Nigeria has launched its first National Artificial Intelligence Centre of Excellence at the University of Jos, marking a major step in the country’s push to build local AI research capacity, develop talent and position Africa’s most populous nation as an active contributor to the global AI ecosystem.
The centre, unveiled by Bosun Tijani, the minister of Communications, Innovation and Digital Economy, during the university’s 50th convocation ceremony, will serve as a national hub for advanced AI research, skills development, policy engagement and innovation. It is the first facility of its kind in Nigeria and will be supported by the federal government through the ministry.
Tijani said the initiative reflects Nigeria’s determination not to remain a passive consumer of artificial intelligence technologies or a rule taker in emerging global AI governance frameworks.
With a population of more than 240 million people and growing by about five million annually, Nigeria must play a defining role in how AI systems are designed, governed and deployed, he said.
A key focus of the centre will be inclusive research and data representation, aimed at ensuring AI systems understand Nigeria’s social realities, languages, cultures and economic structures.

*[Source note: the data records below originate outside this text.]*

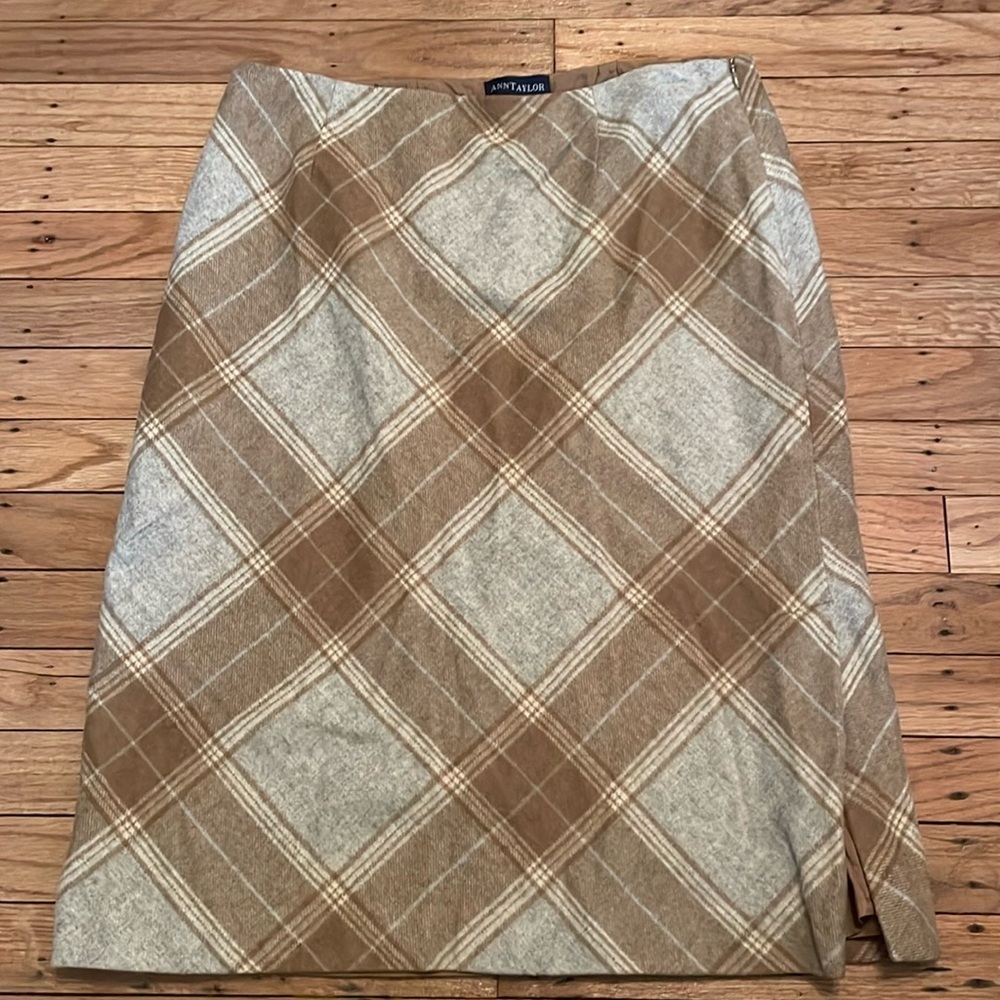 Ann Taylor Womens Size 10 Brown and Gray‎ Monochromatic Plaid Skirt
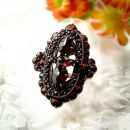 Big floral Bohemian garnet ring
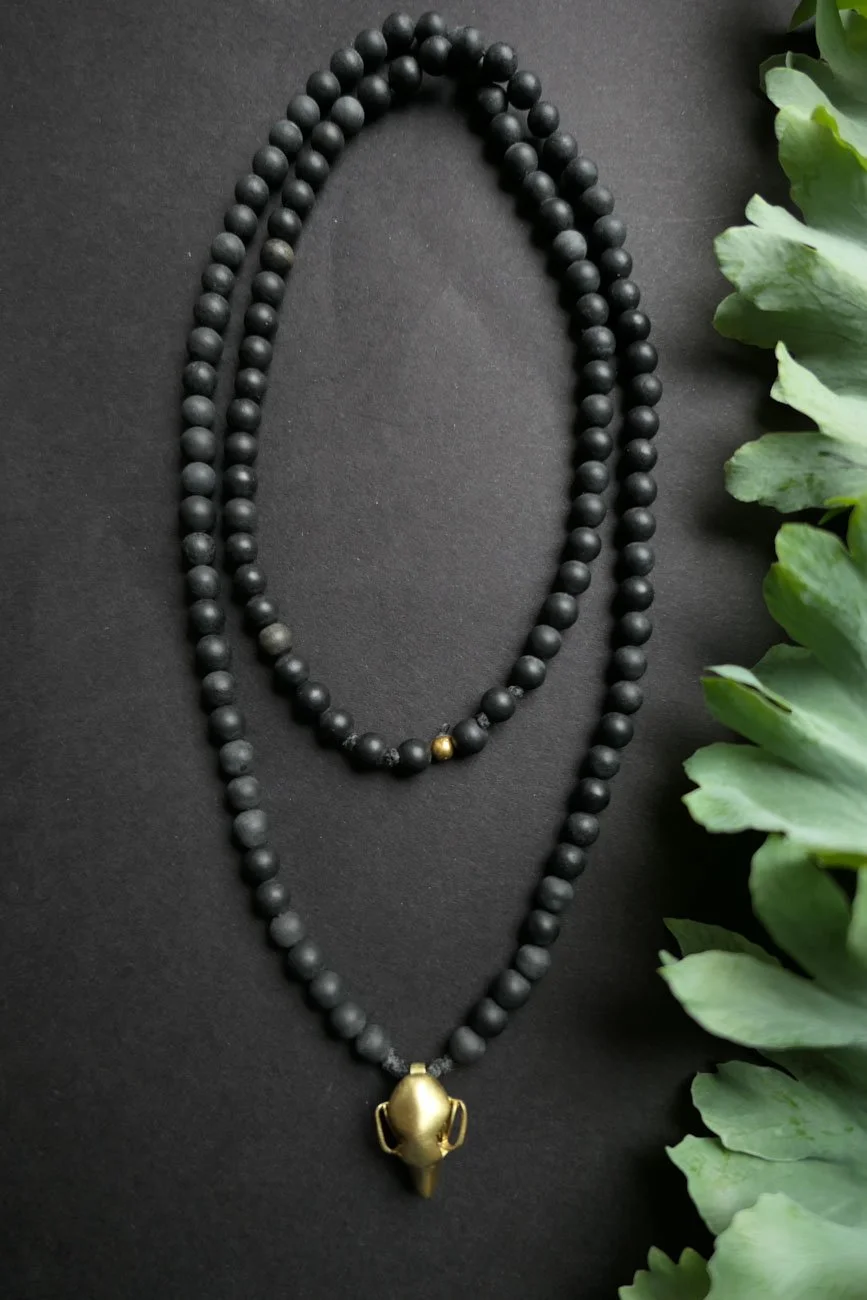 Fruit Bat - Black Agate Gemstone Necklace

Tijani said universities must lead research into locally relevant datasets and contextual intelligence that reflect the country’s diversity rather than relying solely on imported models trained on foreign data.
Challenging the notion that global AI leadership is driven purely by access to computing power, the minister noted that decades of academic investment in machine learning and related fields have underpinned progress in countries such as France and the United States.
He said Nigeria’s academic institutions must similarly engage deeply in foundational research if the country is to derive meaningful economic and social value from AI.
“AI is built on numbers, and Nigeria has the numbers. We are too big a country not to participate meaningfully in artificial intelligence,” Tijani said, pointing to projections that the country’s population could approach 500 million within two decades.
The University of Jos was chosen to host the centre as part of a broader strategy to empower Nigerian universities to become engines of innovation and thought leadership from the global South. As an alumnus of the institution, Tijani said the university must move beyond observing Nigeria’s digital future to actively shaping it.
The National AI Centre of Excellence is expected to play a central role in talent development, research collaboration and policy advisory work as Nigeria ramps up its digital economy agenda in 2026 and beyond, amid growing global competition to shape the future of artificial intelligence.